Société
Lyon transforme ses égouts en usine à médicaments contre les superbactéries
Les Hospices civils de Lyon ont obtenu une autorisation historique pour produire des virus bactériophages à partir des eaux usées. Une arme inédite contre…


Les Hospices civils de Lyon ont obtenu une autorisation historique pour produire des virus bactériophages à partir des eaux usées. Une arme inédite contre l’antibiorésistance, fléau sanitaire mondial.
Derrière la station d’épuration de Lyon, des chercheurs pêchent ce qui pourrait devenir notre dernier bouclier contre des infections aujourd’hui impossibles à soigner. Le deuxième CHU de France vient de décrocher le feu vert de l’Agence nationale de sécurité du médicament pour fabriquer et distribuer des bactériophages. Ces virus, inoffensifs pour l’homme, ne s’attaquent qu’aux bactéries et les détruisent en quelques minutes. Et la matière première est partout. Dans les égouts, les excréments, les milieux riches en microbes. Les phages sont l’organisme le plus abondant sur Terre. Une ressource inépuisable à moindre coût pour l’assurance maladie. Les premiers exemplaires lyonnais ont été « pêchés » en 2017 dans les eaux usées d’une station d’épuration. Après près de dix ans de travaux, le processus de purification et de conditionnement est désormais certifié à chaque étape par les autorités sanitaires.

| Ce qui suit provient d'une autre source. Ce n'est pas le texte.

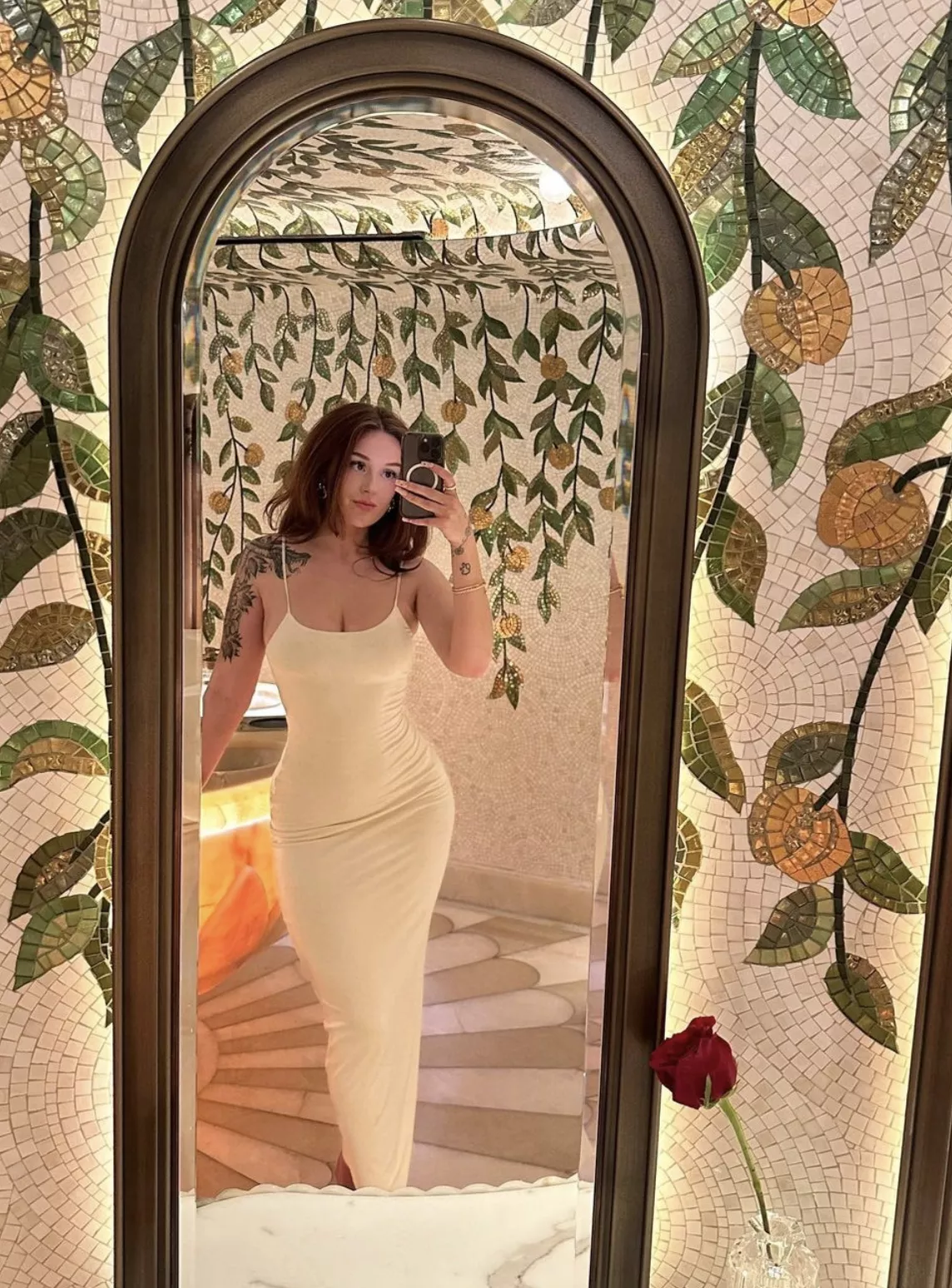 I think I look good in white 🤍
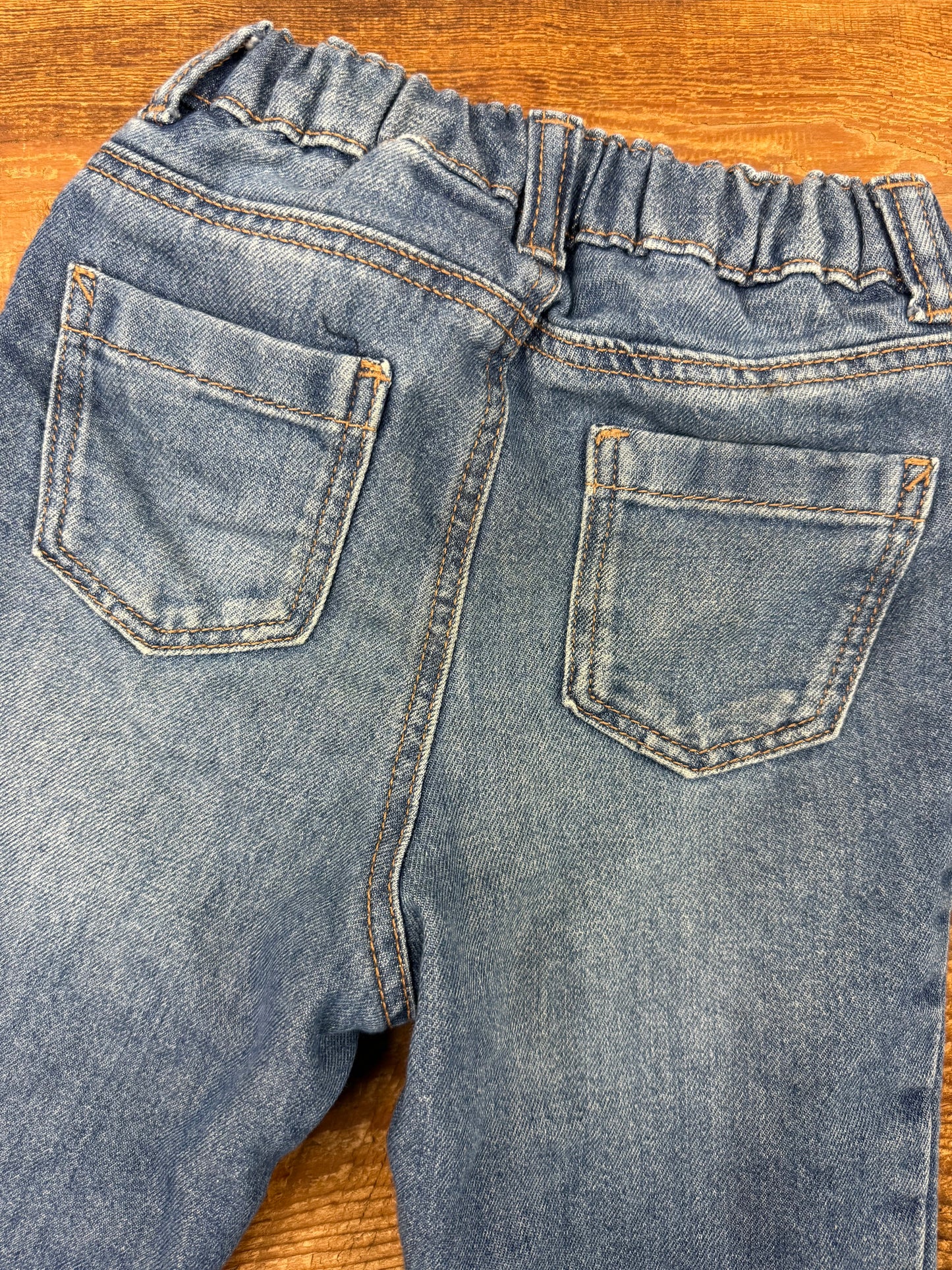 H&M 12M Lined Jean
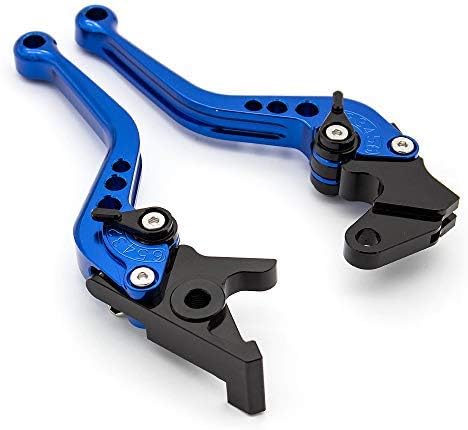 Motorrad Einstellbare Brems Kupplungshebel für RC125/125 DK 2014-2019, 200 DK/RC200 2014-2016, 390 D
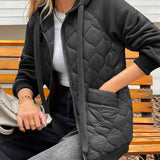 Greta | Quilted Hooded Jacket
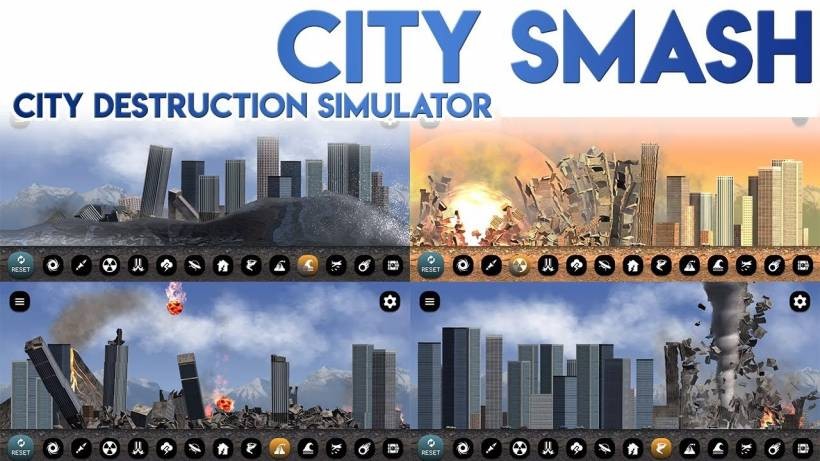 City Smash: A Destructive Sandbox Experience Built on Chaos and Creative Freedom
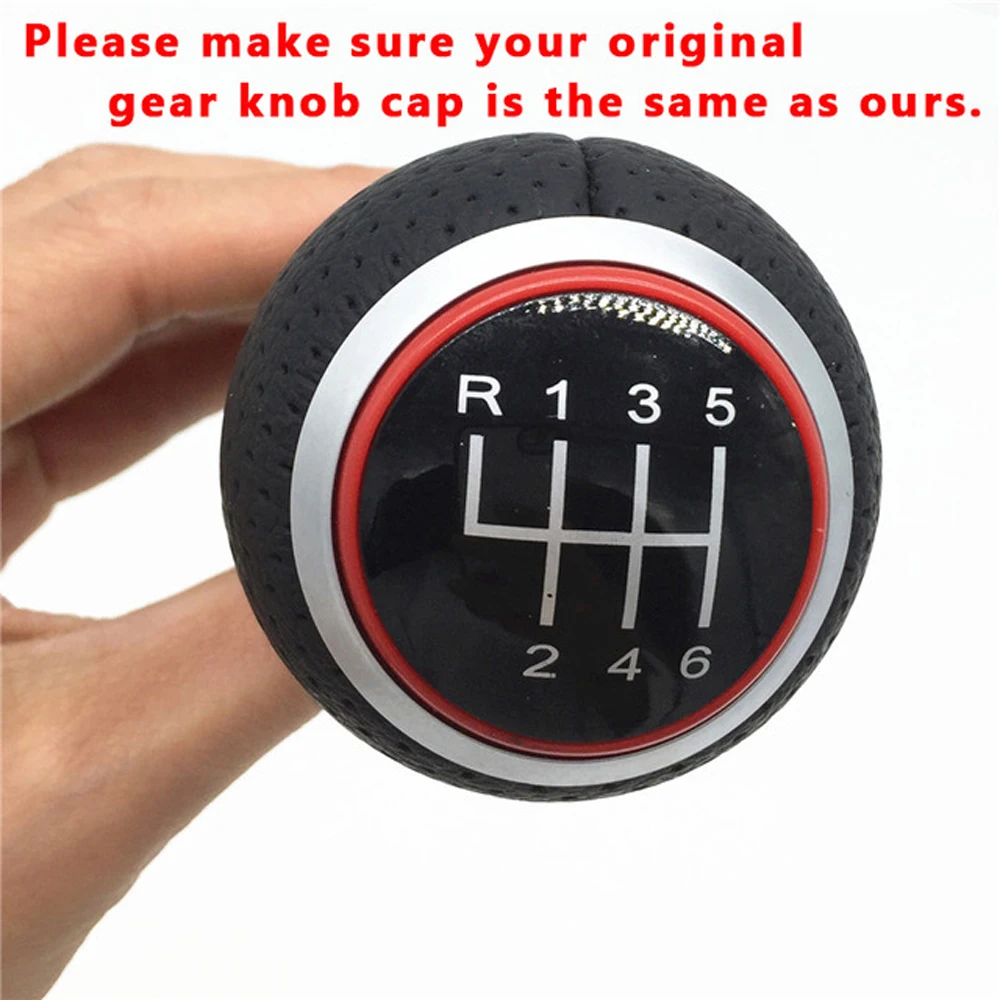 5 6 Скорость стайлинга автомобилей Шестерни рукоятка рычага переключения передач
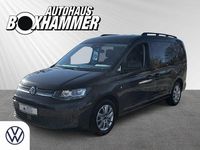Gebraucht VW Caddy Maxi Life 114 PS (83 kW) 2023 Schwarz Van / Kleinbus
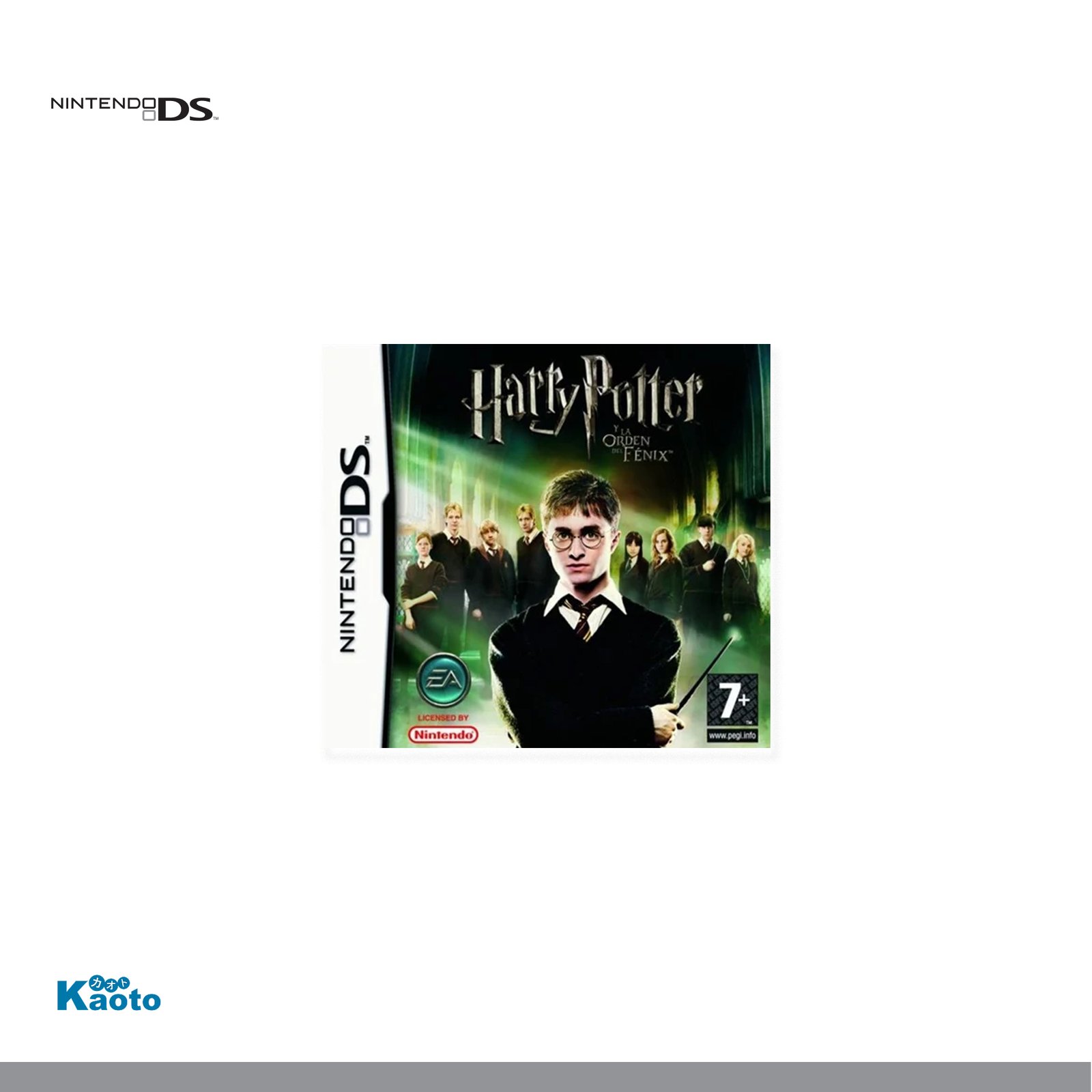 Harry Potter y la Orden del Fenix NINTENDO DS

Cette avancée répond à une urgence silencieuse. L’antibiorésistance tue déjà des centaines de milliers de personnes chaque année dans le monde. L’Organisation mondiale de la santé parle de « pandémie silencieuse ». Sans action correctrice, elle pourrait faire plus de 10 millions de morts d’ici 2050. Soit plus que le cancer et le sida réunis. Face à ce tsunami, les antibiotiques classiques ne suffisent plus. Les phages offrent une alternative quand plus rien ne marche. Jusqu’à présent, les patients dans une impasse thérapeutique devaient se tourner vers des start-ups privées étrangères. La nouvelle autorisation change la donne. Elle ouvre la voie à une filière publique française de phagothérapie. Un enjeu de souveraineté sanitaire. Aujourd’hui, 95% des biomédicaments sont importés. Pouvoir produire ses propres phages, c’est réduire la dépendance aux fournisseurs extérieurs.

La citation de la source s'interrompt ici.